Global hydrological modeling 
Döll is recognized for her work on the global freshwater model, WaterGAP. This model focuses on quantifying human impacts on the global freshwater system, including impacts of climate change, human water use and man-made reservoirs, and assessing water stress. Döll and her team have collaborated with the Food and Agriculture Organization of the UN to compile global data sets relevant for hydrology pertaining to drainage directions, lakes and wetlands, irrigated areas, and irrigated and rainfed crops. Döll models impacts that climate change and human activity may have on the availability of the world's freshwater supply in the near and far future.

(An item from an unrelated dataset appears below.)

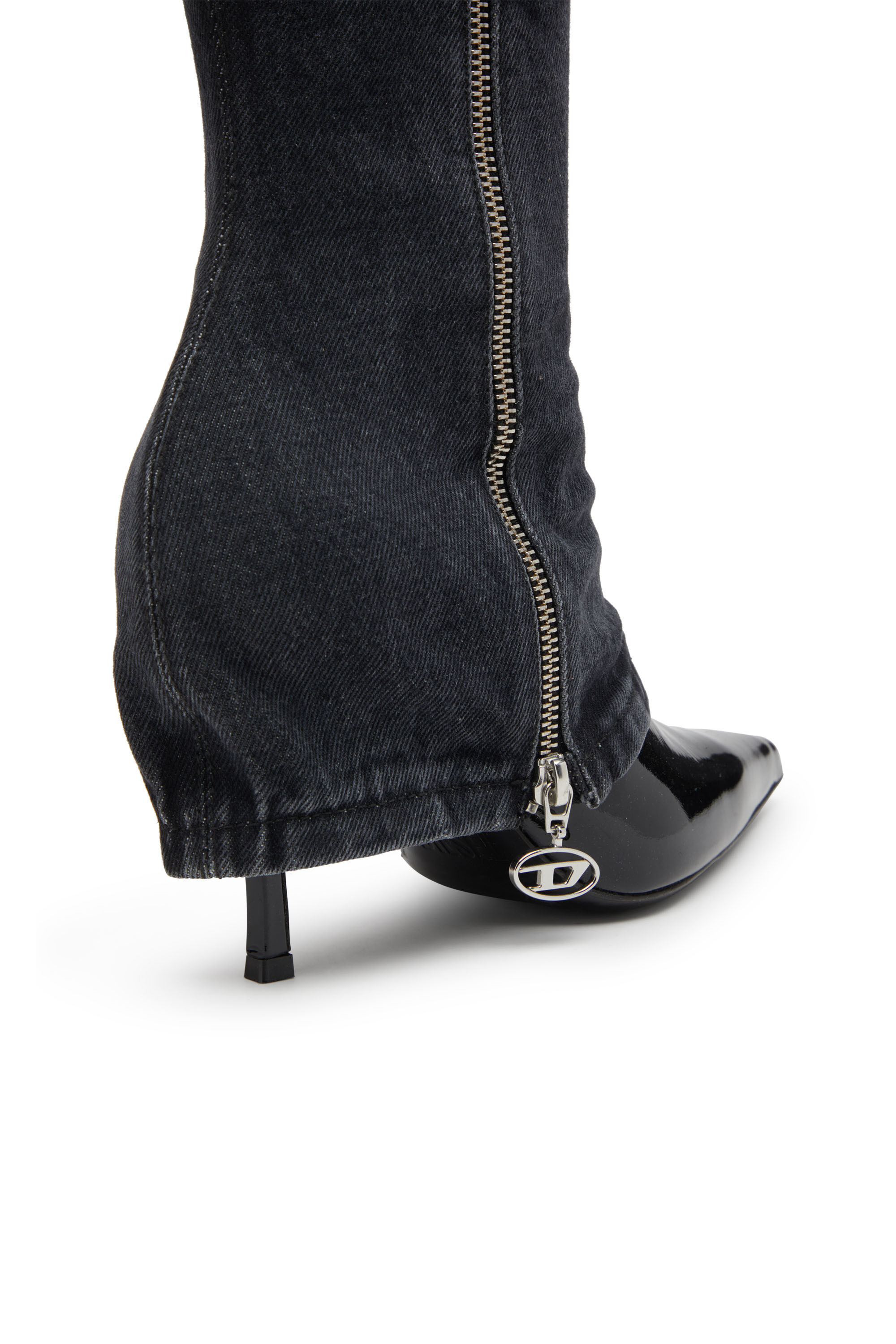 Diesel - D-VENUS TWISTED BOOT, D-Venus-Stivali al ginocchio con effetto trompe l'oeil Donna in Nero - 5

Transdisciplinary and participatory research methods 
In support of the sustainable management of social-ecological systems, mainly water management, Döll spearheads the research and implementation of transdisciplinary and participatory research methods. She believes that sustainable solutions to complex problems can only be achieved by equitable stakeholder participation, and that suitable methods for integrating stakeholder knowledge and values need to be developed.

Other contributions 
Since 2001, Döll has contributed to reports for the Intergovernmental Panel on Climate Change both as a lead author and contributing author on chapters about freshwater resources and their management. Döll was a contributing author to the freshwater resources chapter of the Third Assessment Report: Climate Change 2001. She was the lead author of freshwater resources chapter of the Fourth Assessment Report: Climate Change 2007. In 2008 she was lead author of the IPCC's Technical Paper on Climate and Water. Additionally, Döll was the lead author of another chapter about the water cycle as well as the Summary for Policymakers for the Fifth Assessment Report: Climate Change 2014. She was later a contributing author of a chapter on the water cycle in the Sixth Assessment Report: Climate Change 2021.

Aside from her work with the IPCC, Döll has been a member of the Senate Commission "Earth System Research" of the German Research Foundation since 2016.

Awards and honors 
In 2019, Döll was awarded the Henry Darcy Medal of the European Geophysical Union for her work in global freshwater system modeling, raising awareness about threats to freshwater security, and advocating for and researching participatory water management.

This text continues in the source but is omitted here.